Every line of the listing must be reproduced as it stands. Leave the images behind.

• • • • • • •

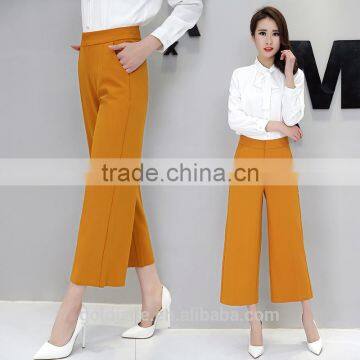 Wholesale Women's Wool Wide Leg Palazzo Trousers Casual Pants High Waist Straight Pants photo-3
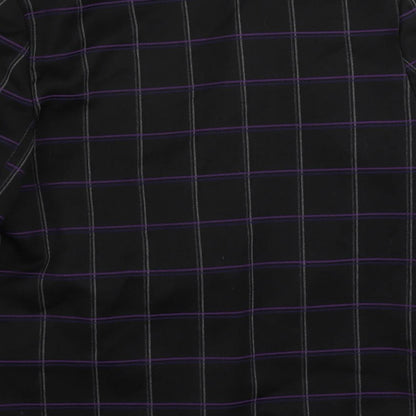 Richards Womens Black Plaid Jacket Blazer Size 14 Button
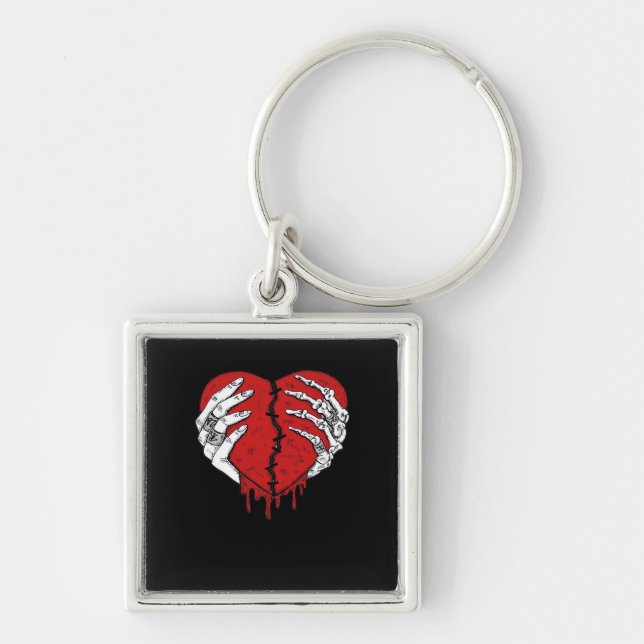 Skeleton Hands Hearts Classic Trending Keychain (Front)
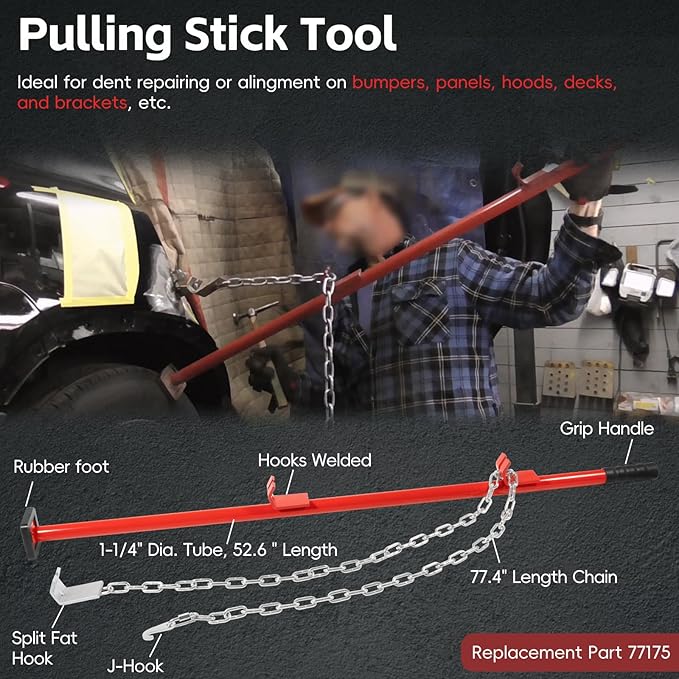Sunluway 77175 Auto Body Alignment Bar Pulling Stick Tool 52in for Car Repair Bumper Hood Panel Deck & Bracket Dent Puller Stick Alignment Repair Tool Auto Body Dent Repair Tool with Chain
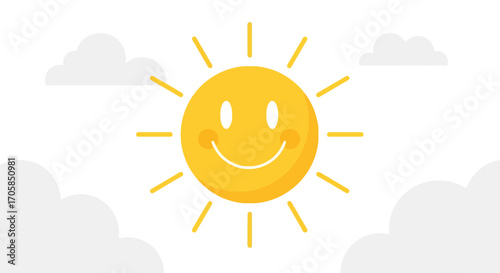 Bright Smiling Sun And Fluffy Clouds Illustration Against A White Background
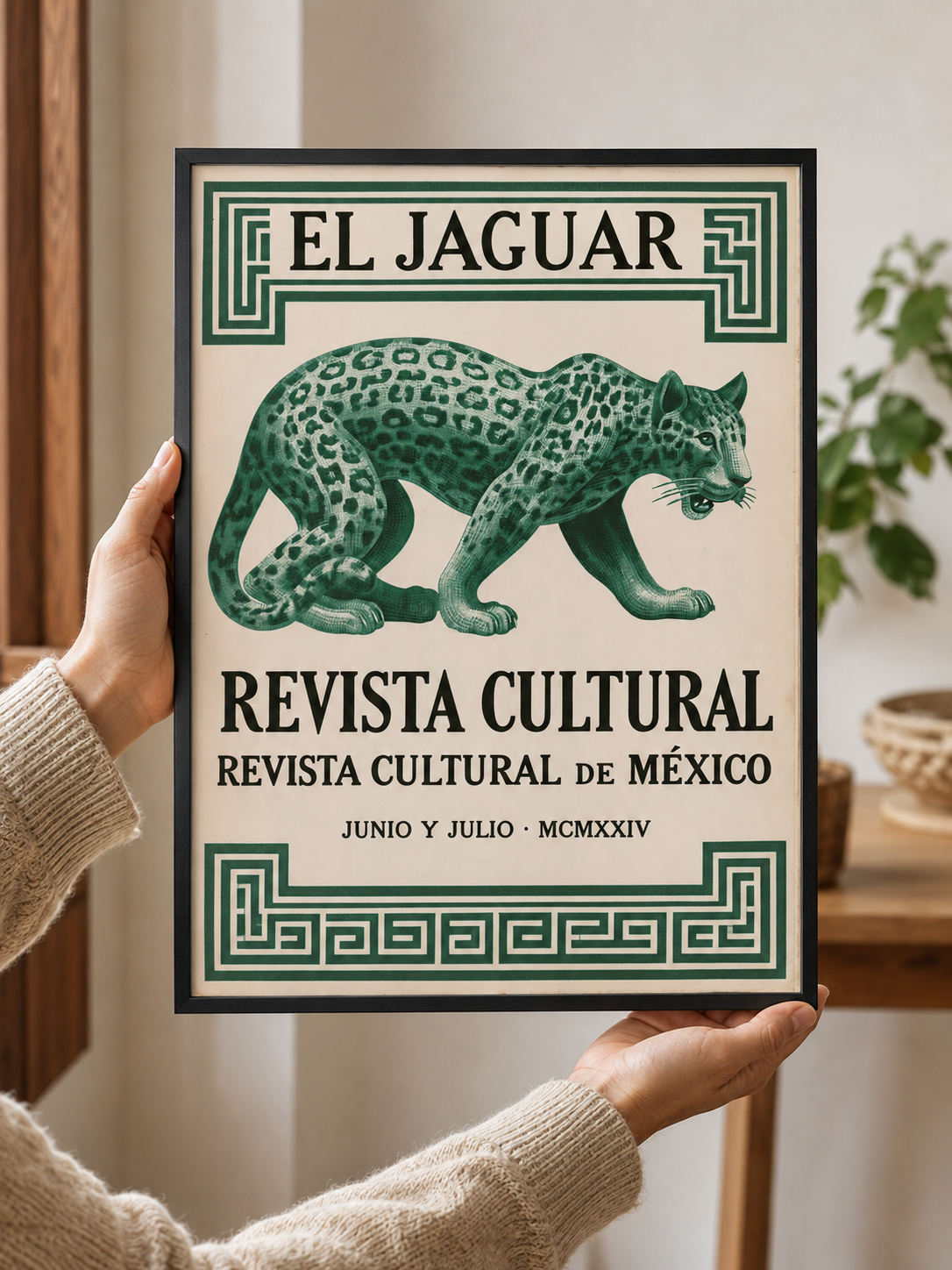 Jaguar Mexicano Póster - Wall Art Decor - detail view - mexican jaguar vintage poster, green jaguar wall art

• • • • • • •

■ **WRITTEN SOLUTION**
 Wholesale Women's Wool Wide Leg Palazzo Trousers Casual Pants High Waist Straight Pants photo-3
 Richards Womens Black Plaid Jacket Blazer Size 14 Button
 Skeleton Hands Hearts Classic Trending Keychain (Front)
Sunluway 77175 Auto Body Alignment Bar Pulling Stick Tool 52in for Car Repair Bumper Hood Panel Deck & Bracket Dent Puller Stick Alignment Repair Tool Auto Body Dent Repair Tool with Chain
 Bright Smiling Sun And Fluffy Clouds Illustration Against A White Background
 Jaguar Mexicano Póster - Wall Art Decor - detail view - mexican jaguar vintage poster, green jaguar wall art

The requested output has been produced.